BRIEF: Below are records; please write out exactly the lines from the first line through the line containing "All you need", with no pictures.

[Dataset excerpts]
Start of Block

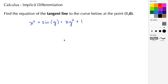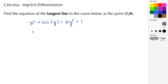Welcome back to ajspeller.com. In today's video we're going to solve a tangent line problem using implicit differentiation. We need to find the equation of the tangent line to the curve below at the point (1, 0).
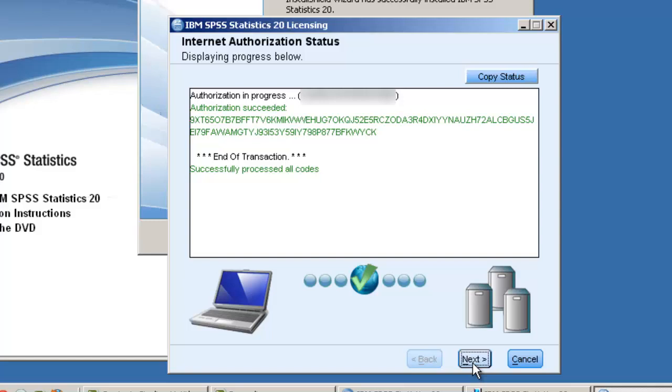If all goes well, you should see the message stating that all the codes were successfully processed. Click Next to continue.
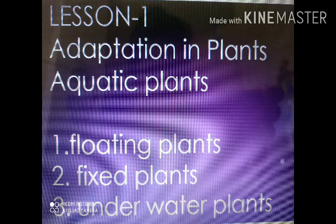The second type is aquatic plants. Aquatic plants include floating plants, fixed plants, and underwater plants.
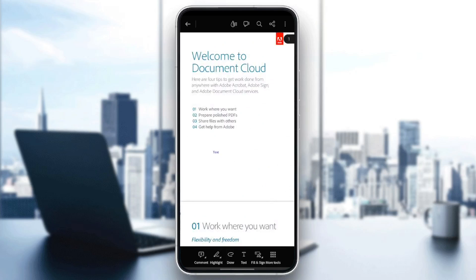All you need to do in order to write in Arabic, firstly, go to the bottom right here. You're going to find comment, highlights, draw, text, fill-on sign, and lastly, more tools.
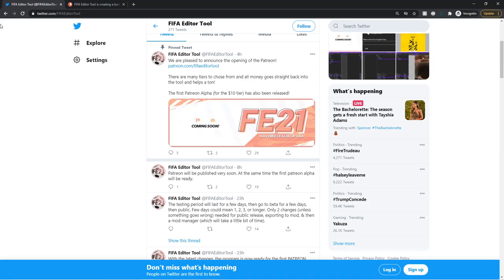Hello guys, Louis here. Welcome back to another video and this one is a huge one. This is about the FIFA editor tool. The Patreon was just published, so I'm going to go over how you can become a Patreon, what the rewards are, show you around the tool a bit, and let's get straight into it.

End of Block

EXERCISE SOLUTION:
Welcome back to ajspeller.com. In today's video we're going to solve a tangent line problem using implicit differentiation. We need to find the equation of the tangent line to the curve below at the point (1, 0).
If all goes well, you should see the message stating that all the codes were successfully processed. Click Next to continue.
The second type is aquatic plants. Aquatic plants include floating plants, fixed plants, and underwater plants.
All you need to do in order to write in Arabic, firstly, go to the bottom right here. You're going to find comment, highlights, draw, text, fill-on sign, and lastly, more tools.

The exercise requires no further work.